In Manhattan's Lower East Side, legendary smoked fish store Russ & Daughters has been bustling with hungry lox lovers. The store was able to protect its perishable goods during the storm and reopen on generator power Thursday, thrilling electricity-starved neighbors. It’s hard to imagine the shop closing long, because its fans hold it to high standards.
“Some people are exceptionally understanding, but this being New York, there are a lot of people who just want to get back into things and they want it now,” says fourth-generation co-owner Niki Russ Federman.
Serving the local clientele is challenging enough. But the iconic shop ships its cured fish and various specialty products nationwide. Those shipments just restarted Monday.
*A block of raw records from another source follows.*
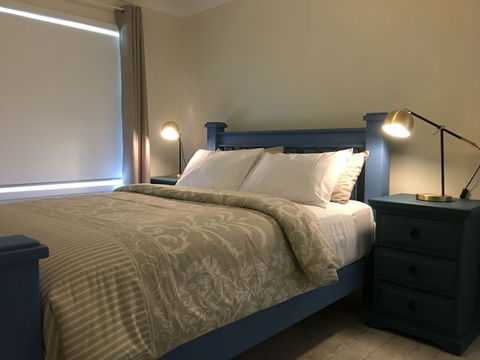 Flutterby's Beach Retreat Preston Beach - Accommodation Mermaid Beach 2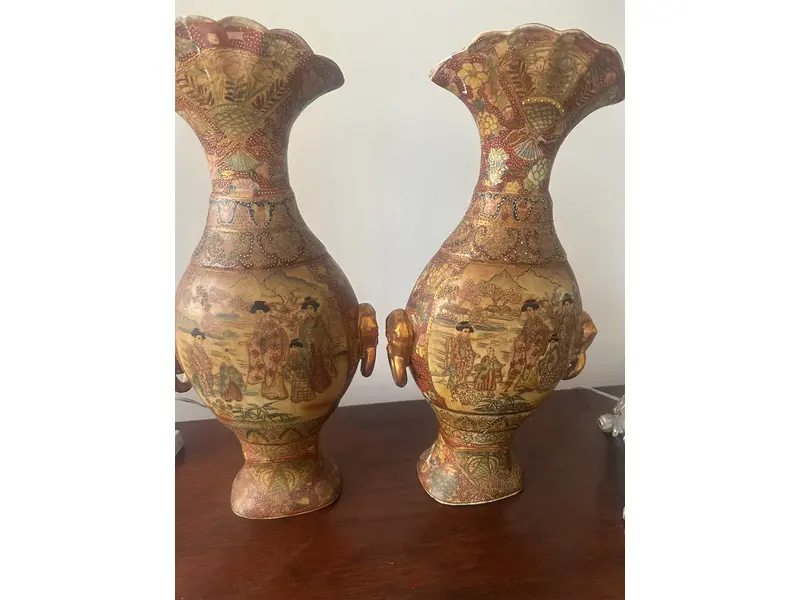 Foto de um(a) Par de vasos chineses, da categoria de Vasos. Par de vasos orientais, produzidos na China, inspirados no estilo Satsuma japonês. Peças ricamente decoradas, pintadas à... Mostrado de uma perspectiva diferente. Vendido no marketplace Trésors.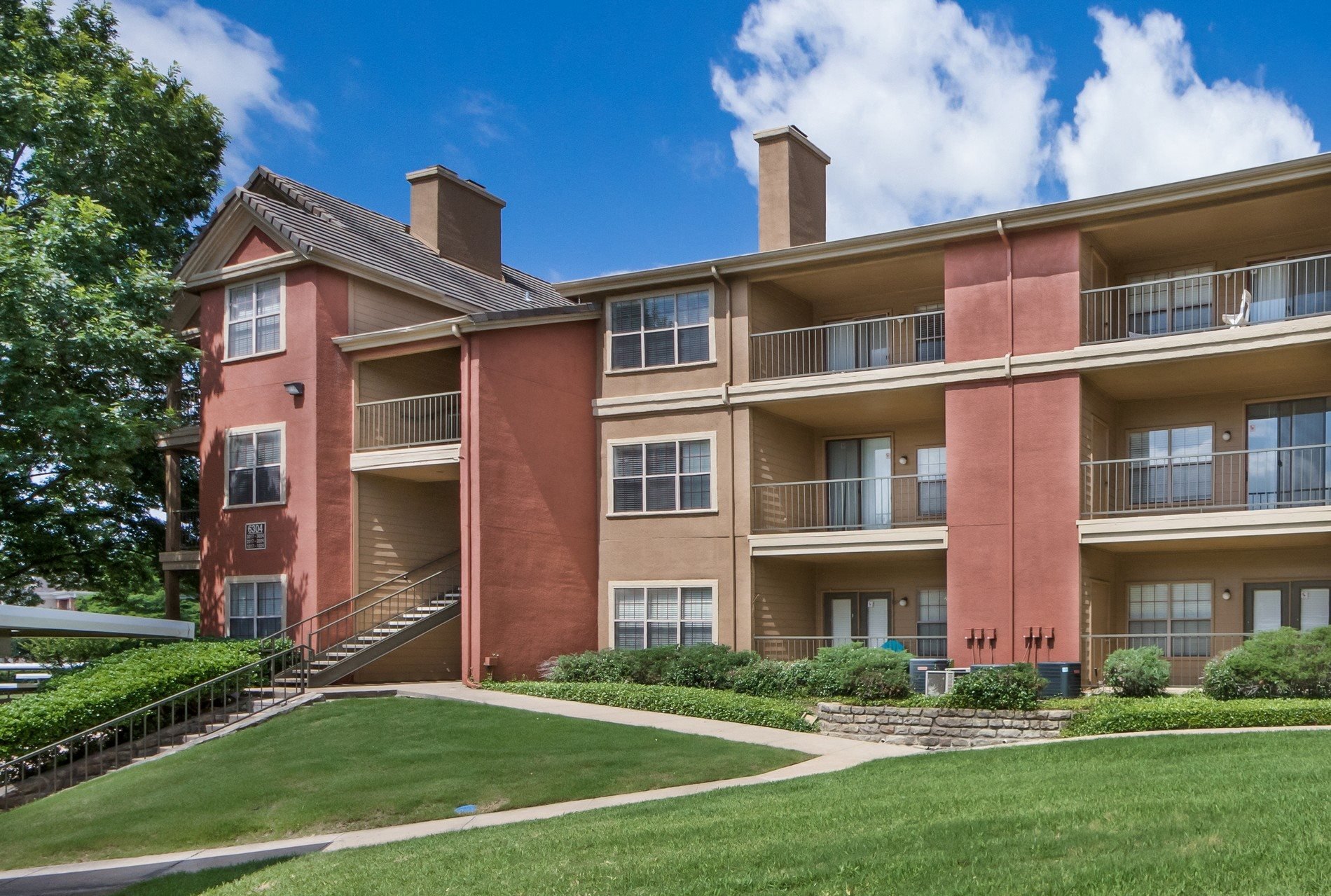 Jefferson Place Apartments In Irving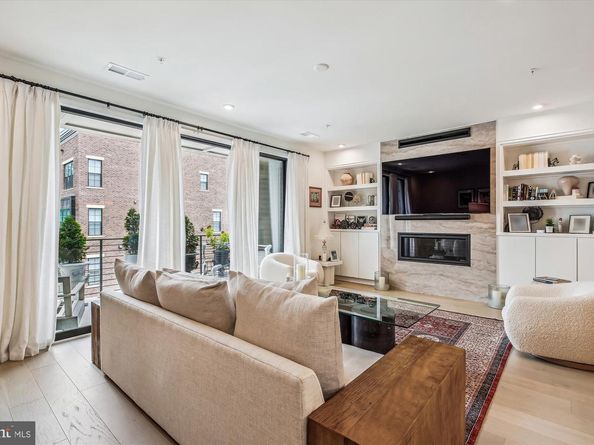 7585 Sawyer Farm Way 904, Mclean VA 22102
Russ Federman says her store is ready to catch up on its mail order business and has the fish to fill orders. But the shippers they work with have had trouble getting back up to speed.
“There’s such a shortage of gas that they’re trying to just do what they can and get pickups made however they can,” she sighs.
Harvard Business School logistics professor Ananth Raman divides the core challenges many other businesses in the storm region face into two problems: missing product and missing customer.
As for missing product, Raman says most shipping problems should be taken care of in time for the holiday season. The potentially larger problem is the missing customer, consumers who cut holiday spending because they need money for hurricane repairs and other unexpected expenses.
“It could easily affect a consumer electronics retailer,” Raman says. “It could affect clothing very, very substantially.”
Apart from taking care of basic needs, people with heavy storm impact may not shop for months, Raman adds. The Northeast makes up a fifth of America’s GDP, which means that any noticeable decline in spending in the region will be felt nationally.